Die Nation, die da vor den Augen der Welt entstand, sollte keine Nation unter anderen, sondern die Nation der Nationen sein. Ihr anzugehören war eine Auszeichnung, jeder Bürger konnte sich herausgehoben fühlen. Aber auch so bleiben, wie er

war.

Quelle: dpa infocom

Nationaler Stolz und provinzielle Selbstgenügsamkeit gingen seither in Frankreich Hand in Hand. Dazu passt das Bedürfnis nach kraftvoller Führung. Es war kein Zufall, dass auf den Aufbruch der Revolution die straffe Hand Napoleons folgte. Bis heute soll der Präsident der Republik qua Person und Amt die Kraft haben, die Dinge zu richten.

Hollande an Überhöhung des Amtes gescheitert

An dieser Überhöhung des Amtes sind der bisherige Staatspräsident Frankreichs und sein Vorgänger gescheitert. Hollande war schwach und linkisch, Sarkozy war unbeständig und ein Großmaul. Das mag man ihnen vorwerfen.

Im Rückblick ist aber auch zu erkennen, dass deren Vorgänger Jacques Chirac und auch François Mitterrand eher Verwalter als Gestalter des Präsidentenmythos waren. Ein französischer Präsident soll der höchste Repräsentant eines demokratischen Gemeinwesens sein und zugleich der König der Republik.

Das überfordert jeden Amtsinhaber. Die Verbindung, die in Frankreich Demokratie und Alleinherrschaft eingegangen sind, passt nicht in unsere Zeit. Dass das „tiefe Frankreich“ („la France profonde“) so veränderungsunwillig ist, hat auch mit der liebevoll gepflegten Illusion zu tun, ein guter Präsident könne seine Bürger von den Stürmen der Welt abschirmen.

Macron muss das Präsidentenamt neu erfinden

Ein Präsident Macron wird dieses Amt neu erfinden müssen. Bei seinem ersten Auftritt am Wahlabend sah man ihm förmlich an, wie ihn diese Verantwortung, die nun wohl auf ihn zukommt, auch erbleichen lässt. Das spricht für ihn.
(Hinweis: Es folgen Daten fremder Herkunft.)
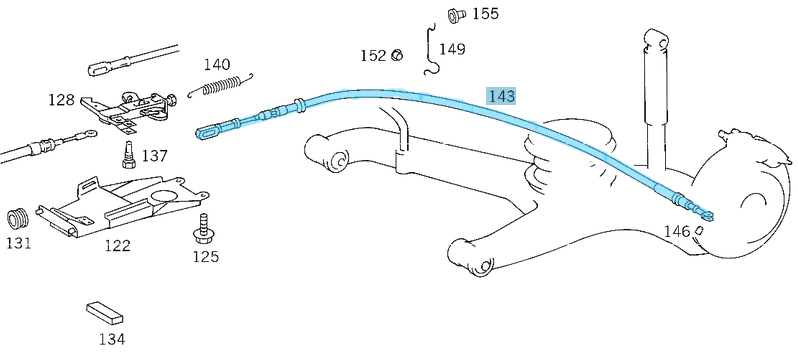 El Fren Teli / El Fren Halatı Arka Sağ Sol Vito W638 OEM A6384270338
Im Wahlkampf hat er sich als Rebell gegeben. Er verlöre, wenn er nach seiner Wahl zum Präsidenten wie alle seine Vorgänger in die Rolle des Übervaters der Nation schlüpfte. Er müsste gewissermaßen die Redimensionierung des Präsidentenamtes betreiben.

Zugleich aber auch eine transparente Politik einleiten, eine Politik des „Wir haben verstanden“. Dass 89 Prozent der Franzosen mit dem politischen System des Landes unzufrieden sind, muss er in einen Auftrag ummünzen. Um diese Titanenaufgabe, die er sich zutraut, ist er nicht zu beneiden.

Er weiß vermutlich aber: Wenn ihm das nicht gelingt und er als ein weiterer in der Reihe der Präsidenten endet, die Großes versprochen, aber nur Kleines getan haben – dann hätte auch er dazu beigetragen, das herkömmliche politische System weiter zu diskreditieren. Und damit den Front National noch stärker zu machen, als er heute schon ist. Marine Le Pen zu verhindern ist wichtig. Es ist aber kein Wert an sich.